The massive deployment of Russian air defense batteries in Syria has deflected NATO interventionism from a proposed no-fly-zone to a ground incursion from Assad’s southern flank, precisely as predicted by the Essential Intelligence Network in early May. WorldTribune’s Brian M Downing analyzes the prospects and outcome of this strategic maneuver in the near and intermediate term. His conclusions with regards to a southern front in that war also vindicate another Essential Intelligence prediction from Mid May.
Brian M Downing
The Obama administration is reluctantly upping its involvement in the Syrian civil war.
Though the White House offers few details, reports indicate that American personnel will arm and train teams of rebel fighters on Jordanian territory, then send them across the border to fight the Assad government.
U.S. Marines monitor Eager Lion 2013 maneuvers in Quweira, 300 kilometers south of Amman, on June 19. /AP/Maya Alleruzzo
This is unlikely to bring a rapid turn of events in the war. The Syrian Army is on the move and rebel forces are in disarray. The new U.S. directives will nonetheless present problems for Assad, though they may also pose problems for the U.S. – eminently foreseeable ones.
Units deploying from Jordan into Syria will, it is hoped, constitute a second front of sorts, which will take pressure off beleaguered Free Syrian Army and al Nusra Front forces in the north and east. They will likely try to solidify rebel control over the city of Daraa and the surrounding province, which was an early site of protest and armed rebellion, and which is presently embattled.
This southern front will further stretch the Syrian army by diverting units to reinforce Damascus – only sixty-five miles from Daraa. It may also divert Hizbullah forces now staging around Aleppo in the north, though it is unlikely they will deploy far from Lebanon where Sunni militias are skirmishing with Hizbullah and a return to civil war may be at hand.
A southern front in what is now a sectarian conflict will draw more local support than rebels elsewhere enjoy. The northern area along the Mediterranean coast is where the Alawi and Shias are concentrated; the south along the Jordanian border is far more Sunni. (Rebel concentration in the Shia littoral may one day be judged to have been a serious blunder.)
Furthermore, a southern front can be supplied from Israel, which is eager to oust Assad and see Syria weak, fragmented, and unable to pose a threat.
The U.S. also hopes that trained and well-equipped forces in the south will attract new recruits and other rebel forces.

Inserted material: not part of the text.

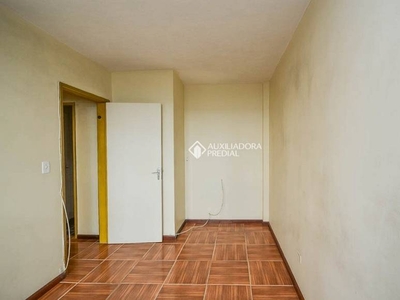 Apartamento com 2 Quartos e 1 banheiro para Alugar, 60 m² por R$ 900/Mês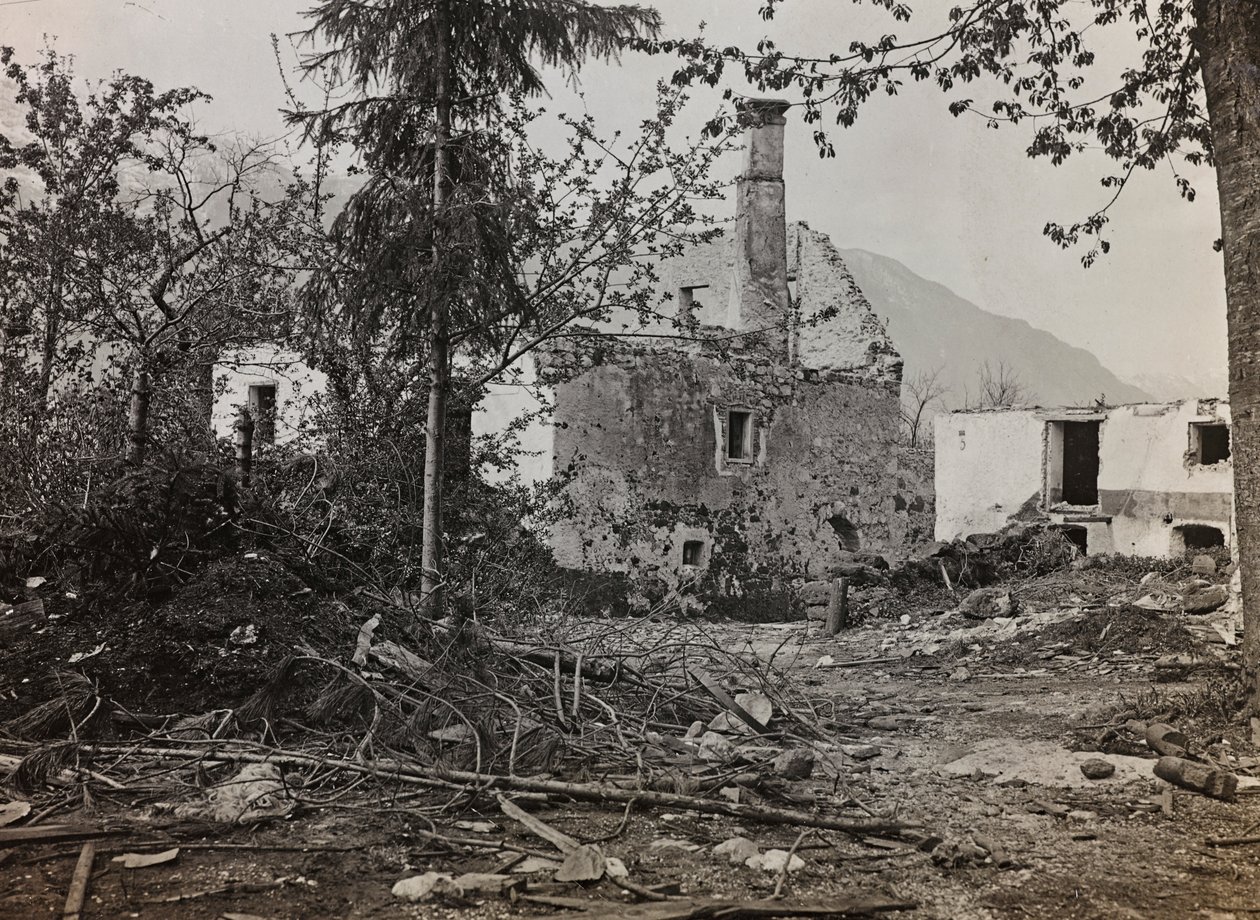 Album "Meine weltkriegs - Erinnerungen Front Sud-Ouest (Carinthie, Italie, Tyrol du Sud) 31/03/1915-12/11/1918 - Josef Zohles Wien": décombres à Bovec - Josef Zohles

This will prevent them from going to the superior forces of the al Nusra Front, which is a Salafi militant group with ties to Al Qaida in Iraq. However, al Nusra has heretofore shown a remarkable ability to funnel in money and weapons from Salafi benefactors in the region, especially Saudi Arabia and other Gulf states.
The U.S. effort runs the risk of “Americanizing” the war, at least in the minds of the Assad government and its supporters in Iran, China, and Russia. This may bring new resolve to the Syrian army as the war becomes increasingly a conflict with Israel’s longstanding ally.
Russia has already expressed displeasure at U.S. actions in Syria, most recently by using its influence in Kyrgyzstan to end U.S. access to an airfield there used to supply Afghanistan. The move signals the possibility of also choking off the U.S.’s northern supply route into Afghanistan which runs through Russia and Uzbekistan, another former Soviet Republic where Russian influence is strong.
Syria may opt to retaliate against training bases in Jordan, forcing King Abdullah to reconsider things. Thoughtful Russian or Chinese statesman will delight in comparing to the U.S.’s 1970 incursion into Cambodia to destroy Viet Cong base camps. Such retaliation could inflict casualties on U.S. personnel. Indeed, it might be designed to do just that, forcing President Obama and the American public to reconsider things.
This may lead to further escalation – the “slippery slope” into another Middle Eastern morass. The Obama administration’s foreign policy team is not without champions of intervention in the name of democracy, who have more in common with the Neoconservatives than either Susan Rice or William Kristol would care to admit.
However, the team also has less adventurous figures, who served in Vietnam and who are not unmindful of the lead-up to that war. Most importantly, the president is determined to avoid deeper involvement in a conflict which offers few if any benefits to U.S. national security and which would greatly distract from pressing domestic concerns.